Simply explained, empathy is a two-step process.
Step 1: Understanding and knowing the person in front of you
At the core of empathy is listening, but listening to more than just the spoken words. Words actually communicate only 7% of meaning in conversation; yes, only 7%.
I call this the 93% rule. 93% of meaning is communicated non-verbally, that is through the following:
- facial expression — overall, eye contact and mouth position
- voice quality — tone, intensity and pace
- body language — position and gestures
So, when listening, we need to actively notice non-verbal communications, in addition to words, or we are missing the boat and not fully hearing what the other person is feeling, meaning and communicating.
Step 2: Reflecting back, mirroring, feelings
Once you listen and understand more about what your client is feeling, now the connecting step of empathy occurs. At this crucial step, you tell your client how you understand what he is feeling, to check in on understanding and correct where necessary, and importantly, so he feels that you understand and know him.
This is where deeper connection takes place. The beauty of reflecting is you don't have to be right, because checking and correcting your understanding is empathic and helps you get to know the person better. Phrases like "I think you're feeling worried about your retirement, can you tell me more?" or "I'm hearing you feel scared to move ahead with this plan. What are your thoughts on that?" are reflections. I suggest more phrases at the end of this article.
I know these phrases may feel and sound foreign or stilted, but even so, most people still appreciate your efforts to understand them and end up feeling more connected. And I promise, the more you practice, the easier and more fluid it gets.

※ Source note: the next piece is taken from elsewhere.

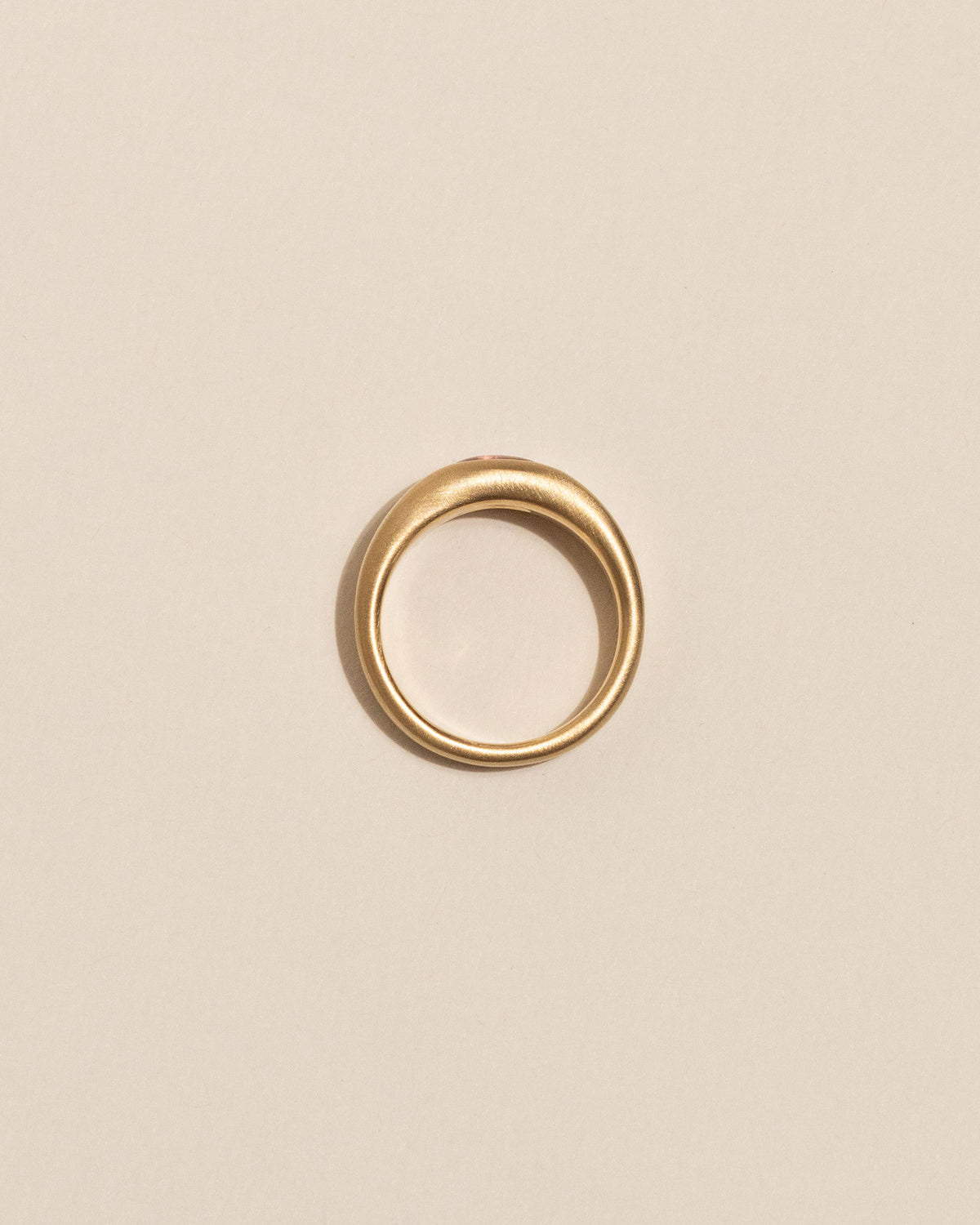 A gold plateau ring with a small oval pink buff top sapphire flush set into a flat gold band, centered on a plain beige background.
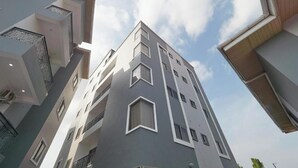 A multi-story building with a modern architectural design, featuring geometric window shapes and a neutral color palette.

Why do financial planners/advisors need to be empathic?
When we say we need to understand and be empathic, how exactly does this work with your clients?
Fast-forward to a client meeting. Your clients are not only what they present to you outwardly. Your clients come to you with lots of different feelings, thoughts and behaviors, and all of these feelings influence and shape their experiences and reactions with you. These underlying feelings also influence what they do both now and later.
These inner feelings are not necessarily outwardly expressed and known to you or to your client at the start. For many reasons, we present ourselves in different ways and share different feelings in varied situations. Think of how you act, feel and what you share with your family versus your boss, your clients or friends at a party.
As an advisor, it serves both you and your client to better understand and speak about these inside feelings. If not recognized or known better, these feelings will impact what the client does without you knowing it. For example, he or she may agree with you in the moment and then go home and do something else entirely.
Practicing empathy can improve your business, for the right reasons
Studies have shown what makes intuitive sense: increasing empathy can lead to a more successful business.
And importantly, by working on the relationships and connections with your clients, which empathy can support, your work can be more meaningful. It can help keep clients with you during the inevitable downturns in the markets and the economy. And importantly, it can help prevent burnout, since your relations with clients will be stronger.